ACTIVITY » Only the lines from the one that contains "Elegant Earring for Every Occasion" through the end of the entries, both included, should be transcribed, exactly and without pictures.

DATA SHOWN »
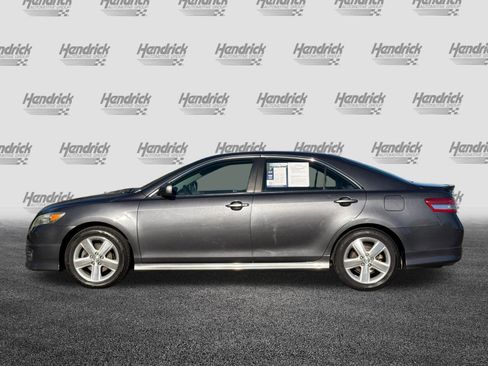 Used 2010 Toyota Camry SE image 8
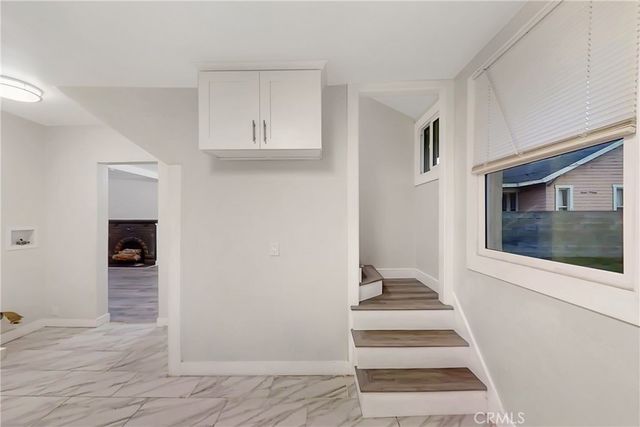 727 W 53rd Street, Los Angeles, CA 90037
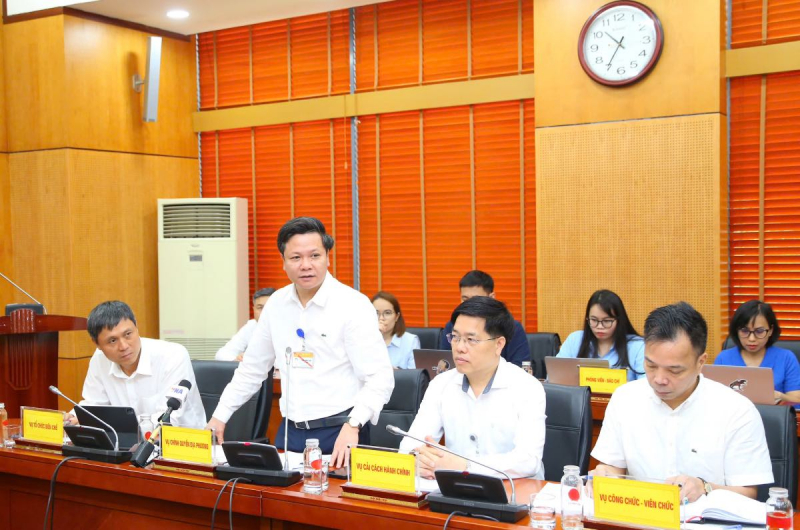 Giám đốc sở có thể làm bí thư xã, phường -0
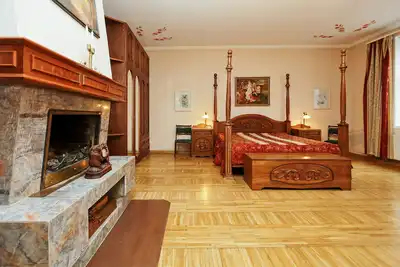 Image de Ensoleillé Grande Apartment By Old Town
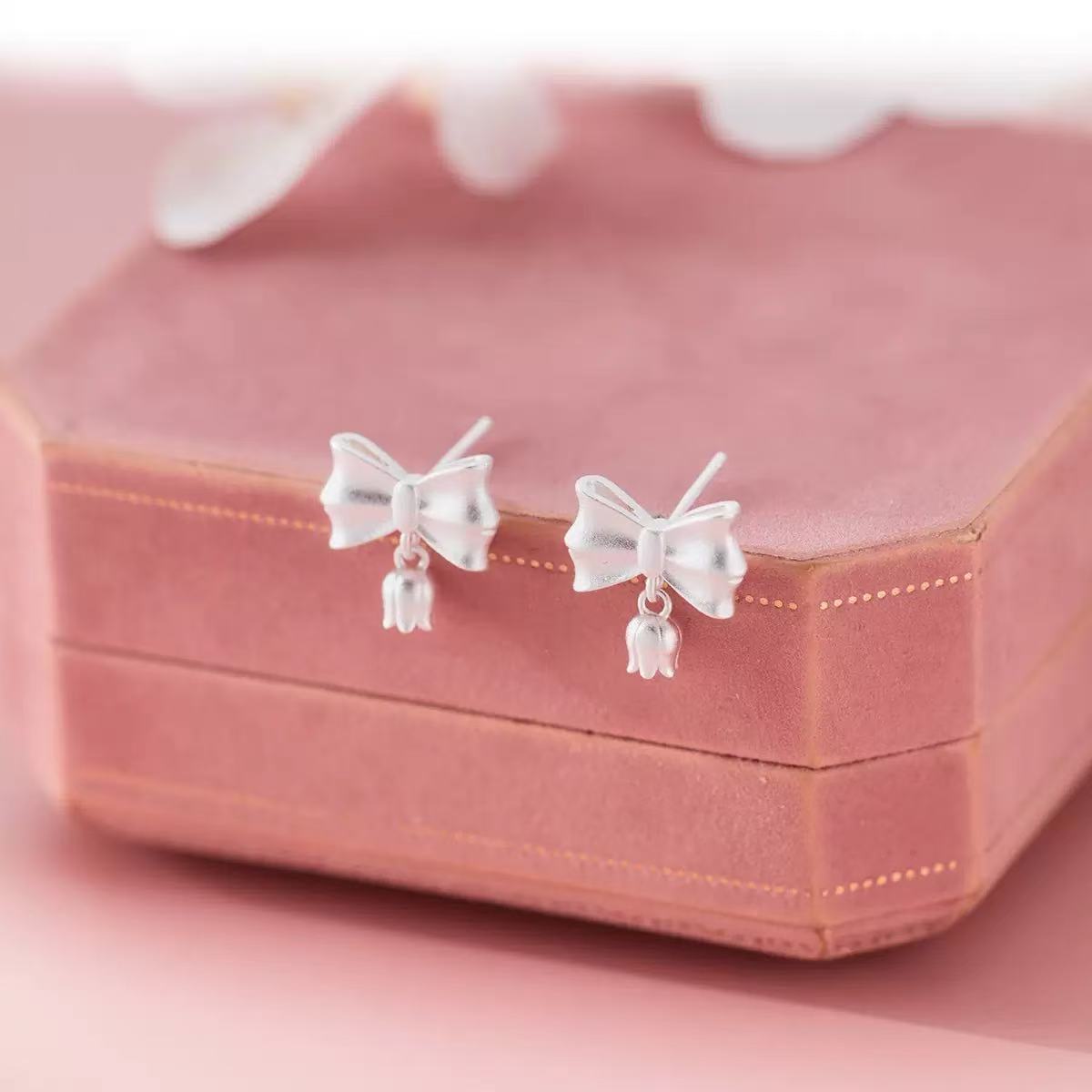 Elegant Earring for Every Occasion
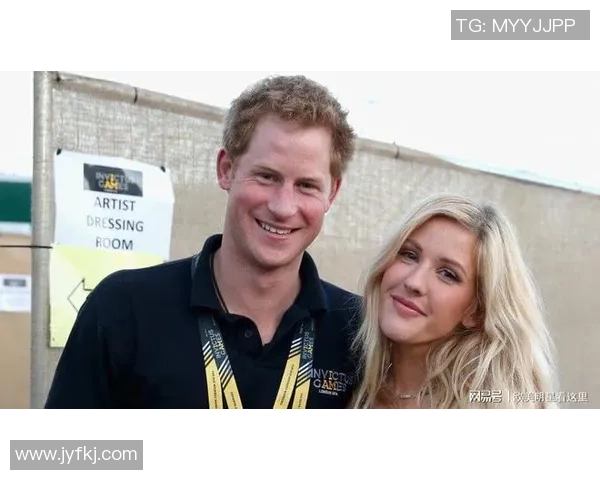 足球明星与外国女友的浪漫故事揭示了爱情与事业的完美平衡 足球明星与外国女友的浪漫故事揭示了爱情与事业的完美平衡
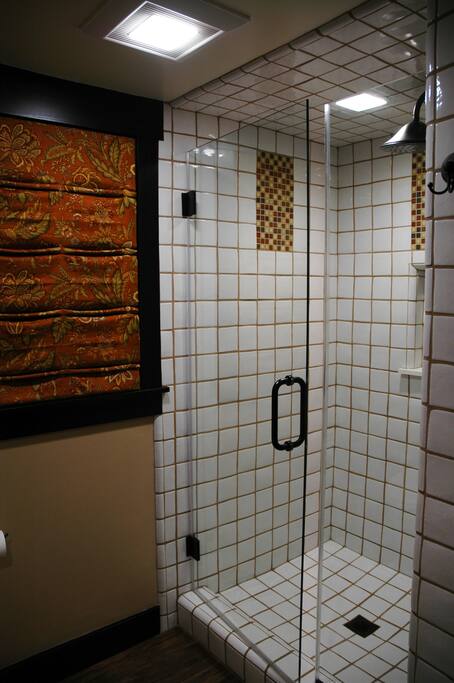 Private Bathroom for 2nd Bedroom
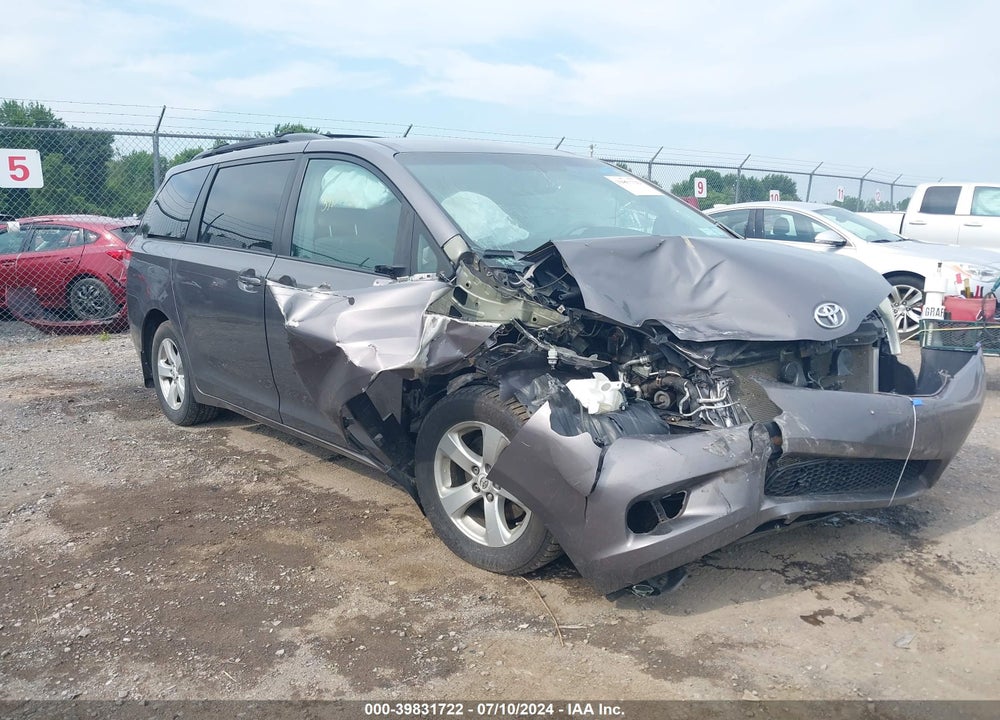 2011 TOYOTA SIENNA LE V6 VIN: 5TDKK3DC5BS116030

ANSWER BOX »
 Elegant Earring for Every Occasion
 足球明星与外国女友的浪漫故事揭示了爱情与事业的完美平衡 足球明星与外国女友的浪漫故事揭示了爱情与事业的完美平衡
 Private Bathroom for 2nd Bedroom
 2011 TOYOTA SIENNA LE V6 VIN: 5TDKK3DC5BS116030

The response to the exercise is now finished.